> _DATA FOR THIS TASK_
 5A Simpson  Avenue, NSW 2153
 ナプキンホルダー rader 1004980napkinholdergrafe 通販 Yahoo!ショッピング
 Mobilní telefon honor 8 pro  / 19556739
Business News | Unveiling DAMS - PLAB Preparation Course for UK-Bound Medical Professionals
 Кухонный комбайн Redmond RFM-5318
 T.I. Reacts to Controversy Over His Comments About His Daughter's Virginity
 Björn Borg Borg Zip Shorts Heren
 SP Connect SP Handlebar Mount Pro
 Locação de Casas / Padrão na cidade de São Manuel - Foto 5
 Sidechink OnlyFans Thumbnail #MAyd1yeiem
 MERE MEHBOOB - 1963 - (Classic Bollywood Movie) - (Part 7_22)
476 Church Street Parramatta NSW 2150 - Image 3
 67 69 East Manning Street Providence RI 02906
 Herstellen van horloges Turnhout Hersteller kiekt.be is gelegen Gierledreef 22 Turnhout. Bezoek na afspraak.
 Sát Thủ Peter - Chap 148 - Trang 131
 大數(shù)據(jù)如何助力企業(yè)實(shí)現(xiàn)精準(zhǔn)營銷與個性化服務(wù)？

> _HOW TO COMPLETE THIS TASK_
Nothing but the lines from the one containing "Sidechink OnlyFans Thumbnail #MAyd1yeiem" through the last line of the material should be returned, each exactly as written, both ends included.

> _SOLUTION TO THIS PROBLEM_
 Sidechink OnlyFans Thumbnail #MAyd1yeiem
 MERE MEHBOOB - 1963 - (Classic Bollywood Movie) - (Part 7_22)
476 Church Street Parramatta NSW 2150 - Image 3
 67 69 East Manning Street Providence RI 02906
 Herstellen van horloges Turnhout Hersteller kiekt.be is gelegen Gierledreef 22 Turnhout. Bezoek na afspraak.
 Sát Thủ Peter - Chap 148 - Trang 131
 大數(shù)據(jù)如何助力企業(yè)實(shí)現(xiàn)精準(zhǔn)營銷與個性化服務(wù)？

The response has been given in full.